«Qualche volta il peso dei segreti è così grande che non si sa neppure più come liberarsene, salvo sparire con loro.»
Blizzard è un vento polare che indica una tempesta di neve con raffiche di vento fortissime e scarsissima visibilità, ed è il titolo del primo romanzo della scrittrice francese Marie Vingtras edito da Edizioni Clichy nel 2023 con la traduzione di Fabrizio Di Majo.
Blizzard è un romanzo corale di quattro voci narranti rifugiati, ciascuno per motivazioni diverse, nelle gelide terre dell’Alaska dove «c’è soltanto acqua dolce, ettolitri di acqua dolce, laghi, torrenti, fiumi, ruscelli, cascate. Acqua dappertutto, tutto il tempo, in tutte le forme. Ghiacciata, fissa limpida come l’acqua di sorgente, oppure fangosa, in primavera.»
La trama si snoda da Bess che si inoltra, impavida, nella tempesta tenendo per mano un bambino che però sfugge al suo controllo e entrambi si perdono nella burrascosa e violenta tempesta.
Benedict, Cole e Freeman tenteranno di rintracciarli chi cercando le tracce nella neve e chi restando al caldo davanti al fuoco nella propria baita.
Ciascuno di loro ha un motivo ben preciso che lo ha spinto ad allontanarsi da luoghi caldi e accoglienti per rifugiarsi nella natura selvaggia e ingenerosa dell’Alaska tentando di trovare misericordia ai propri errori, alle proprie sviste e alle proprie scelte, ma sarà davvero possibile allontanarsi dai mostri del passato rifugiandosi lontano da tutti o quei mostri torneranno incuranti del vento polare?
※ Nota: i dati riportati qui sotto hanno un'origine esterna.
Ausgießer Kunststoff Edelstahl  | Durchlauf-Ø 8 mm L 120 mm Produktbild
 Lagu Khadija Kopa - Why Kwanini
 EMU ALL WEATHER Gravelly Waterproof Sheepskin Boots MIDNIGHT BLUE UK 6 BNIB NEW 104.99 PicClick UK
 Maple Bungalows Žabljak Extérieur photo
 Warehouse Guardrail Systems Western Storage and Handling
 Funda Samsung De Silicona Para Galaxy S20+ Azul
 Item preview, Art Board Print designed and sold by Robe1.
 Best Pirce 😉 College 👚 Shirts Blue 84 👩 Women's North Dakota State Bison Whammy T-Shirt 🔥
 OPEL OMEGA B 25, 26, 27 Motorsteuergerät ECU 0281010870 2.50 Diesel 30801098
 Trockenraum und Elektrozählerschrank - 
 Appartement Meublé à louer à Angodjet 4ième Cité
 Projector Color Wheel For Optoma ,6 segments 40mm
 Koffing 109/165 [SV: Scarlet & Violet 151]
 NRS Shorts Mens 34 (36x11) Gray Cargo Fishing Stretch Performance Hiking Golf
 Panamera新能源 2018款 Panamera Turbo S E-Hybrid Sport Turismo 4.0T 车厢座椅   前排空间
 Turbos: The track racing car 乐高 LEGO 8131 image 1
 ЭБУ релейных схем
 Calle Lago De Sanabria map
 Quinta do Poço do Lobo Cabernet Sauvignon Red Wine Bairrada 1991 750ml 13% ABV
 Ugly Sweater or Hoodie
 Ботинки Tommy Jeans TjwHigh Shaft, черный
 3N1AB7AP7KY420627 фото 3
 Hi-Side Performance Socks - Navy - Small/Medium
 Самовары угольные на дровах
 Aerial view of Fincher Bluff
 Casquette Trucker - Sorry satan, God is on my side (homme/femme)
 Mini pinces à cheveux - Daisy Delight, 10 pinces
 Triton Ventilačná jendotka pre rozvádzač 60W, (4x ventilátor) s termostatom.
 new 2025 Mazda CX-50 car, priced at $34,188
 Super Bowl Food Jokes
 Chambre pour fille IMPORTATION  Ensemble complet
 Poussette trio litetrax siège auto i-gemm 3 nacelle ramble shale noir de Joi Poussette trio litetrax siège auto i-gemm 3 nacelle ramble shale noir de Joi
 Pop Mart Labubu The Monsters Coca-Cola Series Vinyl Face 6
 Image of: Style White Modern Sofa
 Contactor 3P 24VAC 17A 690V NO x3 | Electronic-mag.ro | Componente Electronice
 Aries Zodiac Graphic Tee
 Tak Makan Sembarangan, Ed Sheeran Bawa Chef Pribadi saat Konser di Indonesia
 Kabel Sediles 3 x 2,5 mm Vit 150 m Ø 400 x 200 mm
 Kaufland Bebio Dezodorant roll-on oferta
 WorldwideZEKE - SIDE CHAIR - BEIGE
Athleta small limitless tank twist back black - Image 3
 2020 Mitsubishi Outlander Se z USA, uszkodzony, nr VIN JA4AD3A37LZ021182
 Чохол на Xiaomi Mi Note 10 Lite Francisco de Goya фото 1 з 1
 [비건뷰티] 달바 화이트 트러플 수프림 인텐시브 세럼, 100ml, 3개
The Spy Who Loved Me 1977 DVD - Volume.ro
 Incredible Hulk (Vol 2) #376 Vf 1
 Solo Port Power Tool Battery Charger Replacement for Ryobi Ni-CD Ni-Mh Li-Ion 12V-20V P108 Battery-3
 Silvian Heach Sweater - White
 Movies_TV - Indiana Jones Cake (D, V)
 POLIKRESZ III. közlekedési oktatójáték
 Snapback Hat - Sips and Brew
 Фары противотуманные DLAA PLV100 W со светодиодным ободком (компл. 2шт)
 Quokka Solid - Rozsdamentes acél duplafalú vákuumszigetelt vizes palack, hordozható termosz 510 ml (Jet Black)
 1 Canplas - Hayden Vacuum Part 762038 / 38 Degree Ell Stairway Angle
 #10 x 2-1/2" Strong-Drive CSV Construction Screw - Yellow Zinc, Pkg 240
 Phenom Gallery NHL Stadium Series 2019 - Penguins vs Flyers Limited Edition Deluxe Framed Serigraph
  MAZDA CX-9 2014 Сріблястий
Lungi da me svelarvi il finale che lentamente ma inesorabilmente arriva soprattutto grazie alla prosa di Vingtras che riesce a ben sviluppare i quattro diversi protagonisti dando a ciascuno un proprio respiro e avvinghiando il lettore alle pagine con adeguata raffinatezza.
Fuggire dai propri errori non è mai possibile. La letteratura ce lo insegna e ancor di più la vita. Ad ogni azione corrisponde sempre una conseguenza e nella vita facciamo delle scelte a volte sbagliate ma spesso sono vie a senso unico ed entra in gioco quel lancio dei dadi imprevedibile che non ci permette altra via d’uscita se non quello di subirne le conseguenze.
La Vingtras non condanna, non si erige a giudice ma lascia parlare l’anima più intima di ciascun personaggio per dipanare una caccia esteriore, alla ricerca di Bess e del bambino, e una interiore per tentare di dare un significato all’esistenza quando si arriva «a un’età in cui il tempo è un lusso che viene a mancare», quando si pensa che «sarebbe meglio fermarsi in questo preciso istante, appena prima di sapere, quando si è ancora nell’ignoranza, anche se non è che un’illusione», per tentare di fare i conti con il passato dimostrando come l’essere umano sia, nonostante tutto, in grado di sopravvivere ai dolori, alle sventure e alla malvagità e, a volte, anche alla furia di Blizzard.